For the longest time I’ve imagined this, some days even longed for it. The sky would go dark, but there would be a calming air of acceptance. Death would come quickly, and there you’d have it. The end of the world.
What I never imagined was this. The cries, the slams, the bangs, the screams. No love for your fellow man, or woman, or even child now. This is your ending. When no one else is around to commemorate your demise you don’t care as much about playing the hero.
It had come as a shock. It had started slowly. Does either of those make sense? Does it matter? Because, if you’re reading this it’s not succeeded. It might be the end of the world as we know it, but it’s not the end of the world.
No one noticed when entire cities stopped broadcasting. The levels of human self-deception.

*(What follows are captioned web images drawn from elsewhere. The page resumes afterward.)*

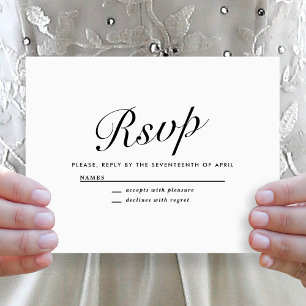 Festiva Elegante Tarjeta de Respuesta de Boda en Blanco y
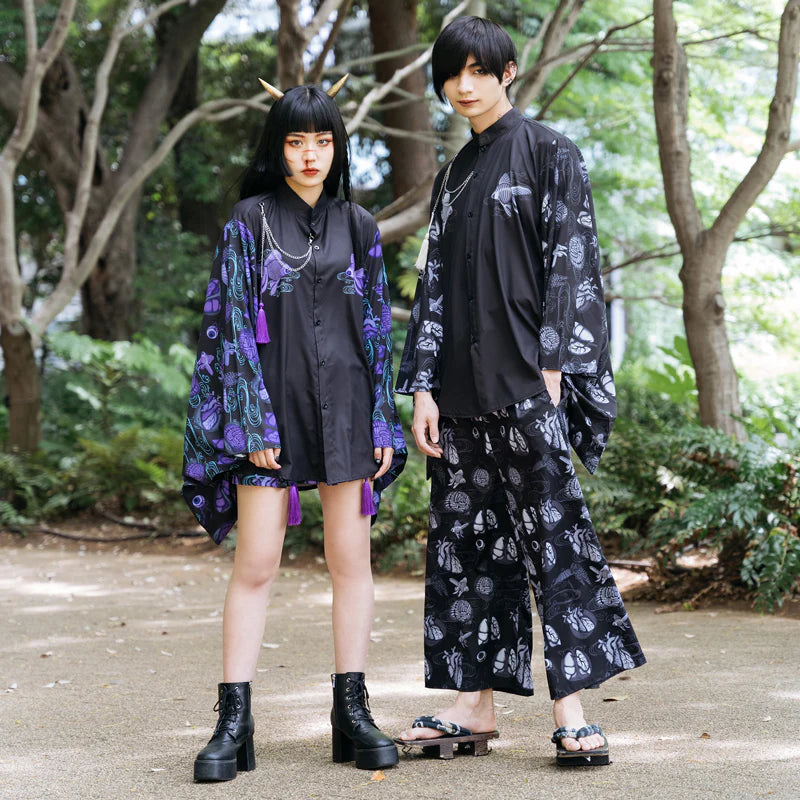 (RESTOCK) ACDC RAG Ochimizu Kimono Shirt – Black/Gray & Black/Purple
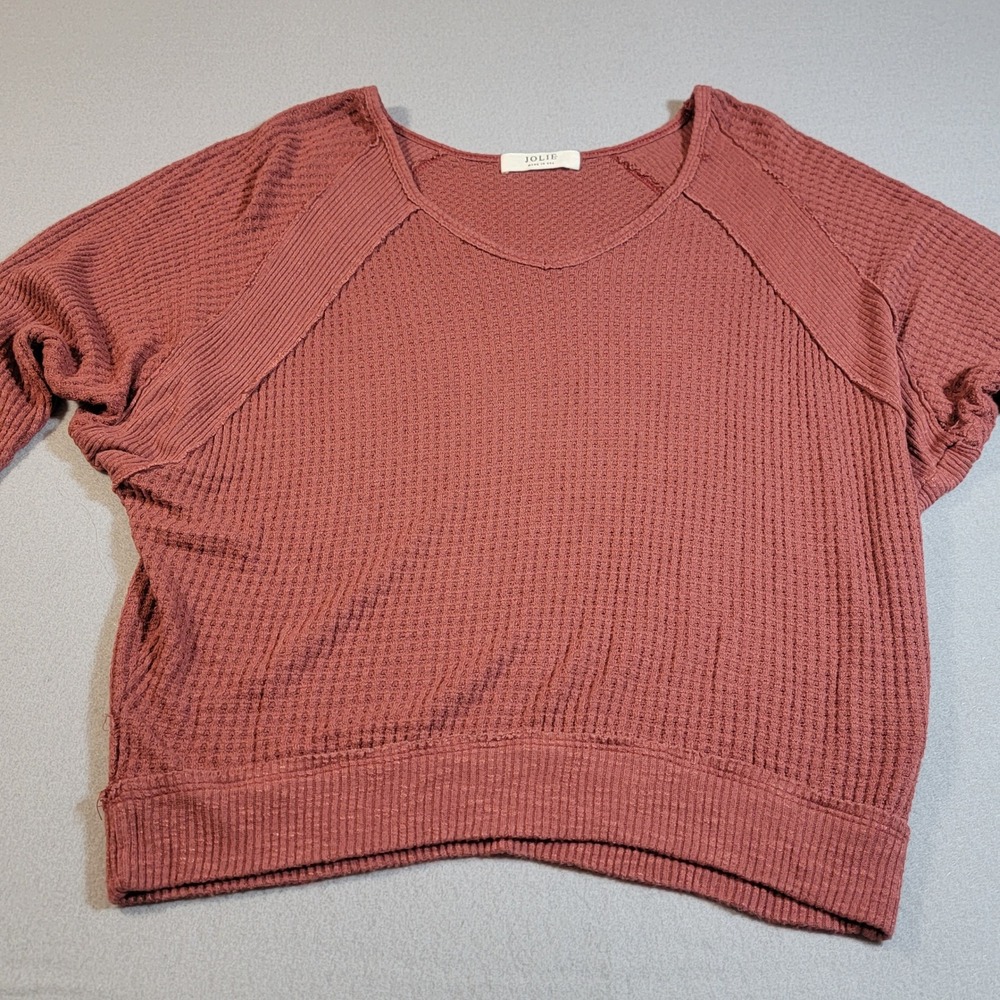 Anthropologie Jolie Shirt Made In USA Waffle‎ Knit Long Sleeve Top Women's Small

How funny that it was only when Los Angeles, the City of Angels, underwent this treatment, that was when the world sat up and took notice. And so here we are, in Las Vegas, sin city, capital of the Underworld, and I’m finding it more than ironic that this is the last place on earth.

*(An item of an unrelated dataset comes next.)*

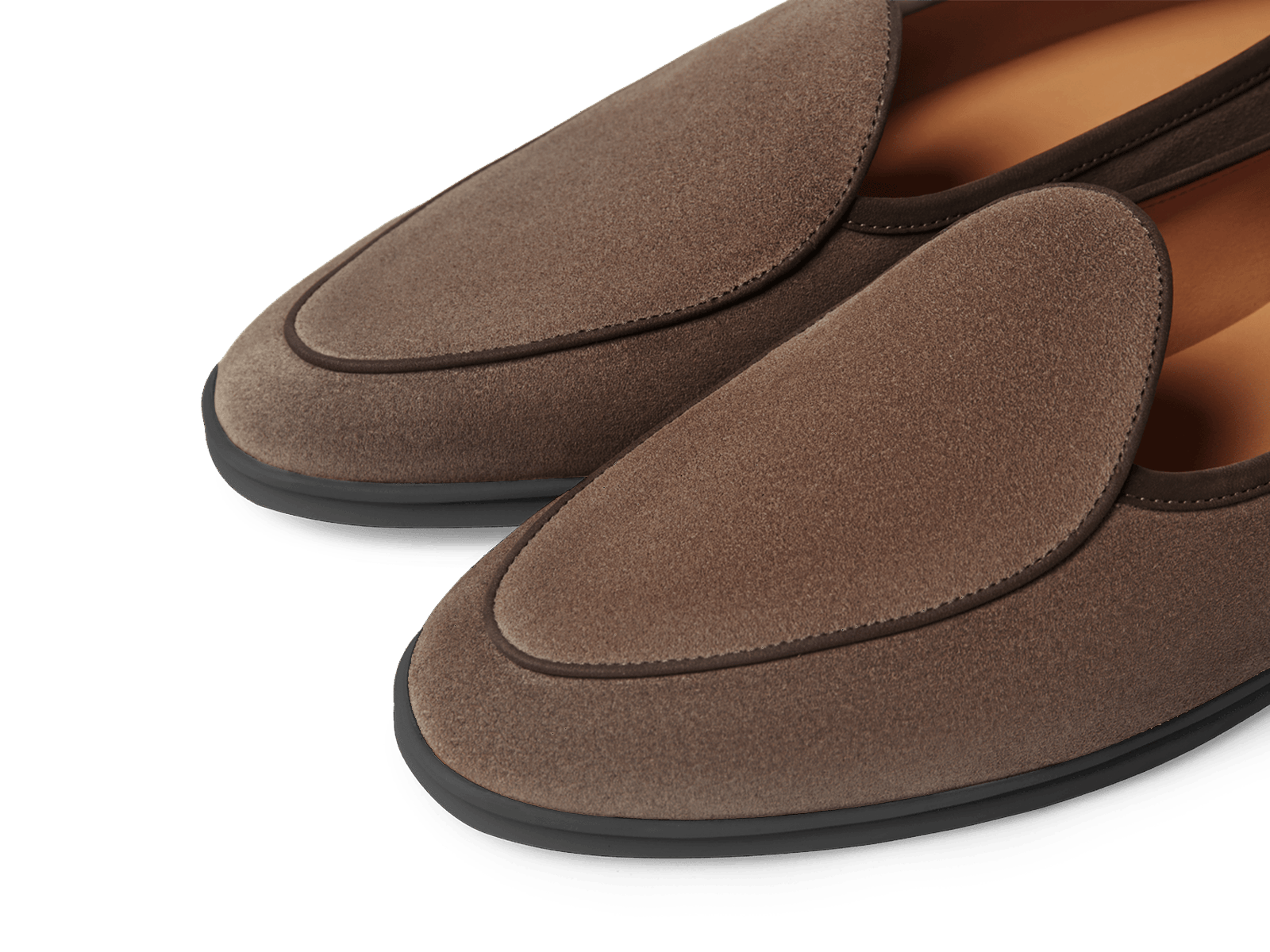 Stride Loafers in Deep Taupe Glove Suede Dark Sole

Angels went first while sin is left…the good go young while the evil are eternal.
For once, this movie is going to go the way a million should have. The bad guys are going to win.
Was it the fear? The fear of not knowing if you would wake up the next morning. Not that fear, no. It was more the fear that entire civilisations seemed to vanish, and the magician wasn’t sharing his secrets.

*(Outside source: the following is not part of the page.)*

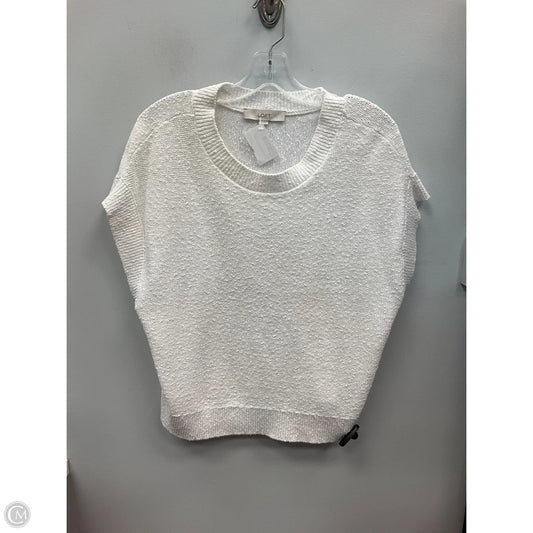 Sweater Short Sleeve By Loft In White, Size: M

But what I fear more than anything these days is silence. The barren wasteland of lives wasted. And it’s quiet outside…no, not quiet. Quiet implies some kind of noise, some indication of human life. And it’s the silence I fear. The kind of silence where you lie in your bed at night, your own breathing downing out any clue of others. And then you’re convinced. It’s the end of the world.
Only you forget this, going back to sleep after hearing the comforting and familiar sound of life.
You forget this until the moment it happens. Then you remember the clenching fear, the blood seeming to stand still in your body even when you can feel it thrumming through your veins. The utter stillness of your body is not through choice, but made rigid by fear, fear that if you move you’ll miss those sounds you crave.
He was one of the first. He was in Los Angeles, had just finished telling me how beautiful it was there. “Baby, can’t you just fly out?” He was due home the next day, I’d scolded him, I wasn’t flying out for one night. “But I miss you,” he’d whined petulantly. I’d told him if he would act like a child, I’d treat him like one. So, customary to our conversations I’d ended the call. I’d been off the phone maybe 5 seconds before I redialled. But it was too late. Oblivion had come calling and you just can’t say no to an offer like that.
My breath’s catching in my throat now, and I’m beginning to wonder if it’s the silence which kills you. That void of human life. How can you fear the one thing supposed to bring you peace? But I don’t want peace. I want life. These days, they’re practically mutually exclusive.
And so dear reader, can I leave it to you?